The irony in all of this is that while trying to push for a wireless and one universal port(USB-C), we ended up with more cables, dongles and adapters than before.


I like headphone jacks. They're small, harmless, useful, and work easily. A good idea would be to put them in a phone for customer and listener convenience.


I'm still pining for my old brick phone, where I could text with the phone still in my pocket, the battery lasted for a week, and the signal was strong.
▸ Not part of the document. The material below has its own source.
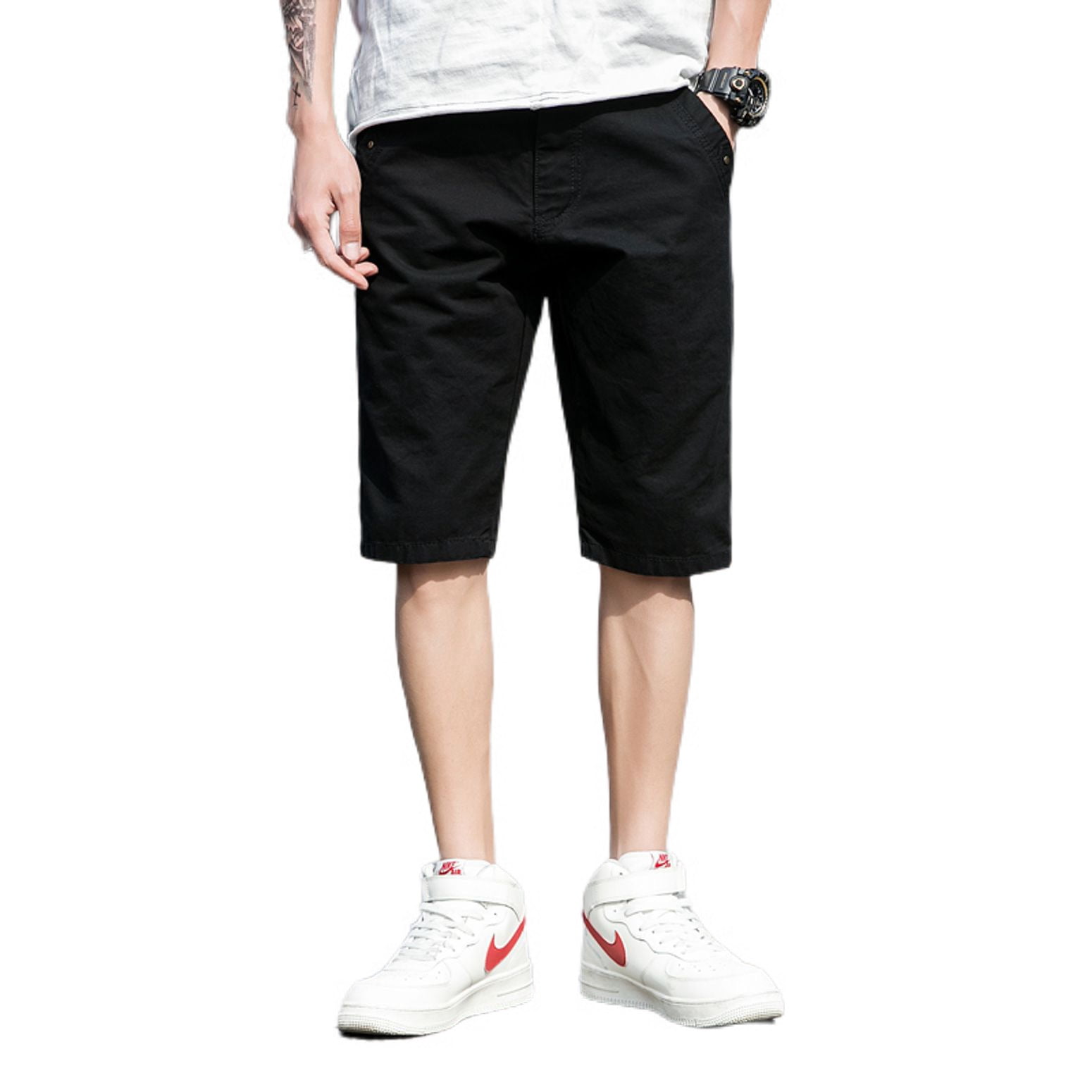 Jinda Men's 100 Cotton Casual Shorts Belt Loops Shorts Billowy Button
Answer: Samsung Galaxy phones with better waterproofing IP68 vs. IP67 and they did it WITH a headphone jack. I expect S10 will also have 5G NR plus OS 9


Someone should make a high end smart phone geared toward audiophiles that has a 1/2" jack and an interface to plug in a tube amp.


I just need the headline. This is 100% what I wish I had in my damn phones.


im nowhere near elderly and have been using bluetooth in my car and with headphones for years and I still run into trouble a lot of the time. its just not ready yet


stares at Ember mug in hand You don't know me!


"arg, hold on one second, I can't find my headphone dongle"

https://www.youtube.com/watch?v=-XSC_UG5_kU


iPhone SE:

- It’s got the jack plug - I can type with one thumb - it doesn’t bend in my pocket - it’s way cheaper

I can’t think of anything the X has I am missing on the SE.


Headphone jack, water resistance, pick one.


Just buy a phone with a headphone jack.


Well! Buy the Galaxy S9 then. Easy.


I really wish it was a comparable product. My SO had absolutely terrible support experiences with them and I don’t want to buy a phone with preloaded NFL or 3 email apps again


Sounds like a Carrier problem, not a Samsung issue.

We don't get that in Europe. The phone is smoking.


apple ditched the floppy drive with the release of their g3 hardware, the ethernet port with the macbook air (and built in cd/dvd drive), before that they ditched the serial & parallel port, etc.

any of us still missing those?

needless to say that it kinda sucks when a new device forces you to buy new adapters / peripherals, but in the long run, is this really an issue?


I would miss a built in ethernet port. (My Thinkpad X230 FTW)

Anyways, your examples are not exactly the same as this situation. In the cases of removing the floppy drive and CD/DVD drives, it was upgrading one technology for another which was able to hold more data, was a more stable medium than the predecessor, and was generally more reliable. The 3.5mm->bluetooth was not an upgrade in stability or reliability, and the ethernet->wifi change was not an upgrade in anything except 'mobility' (but systems with ethernet jacks at that time typically had wifi too, so, again, it was a general downgrade in functionality).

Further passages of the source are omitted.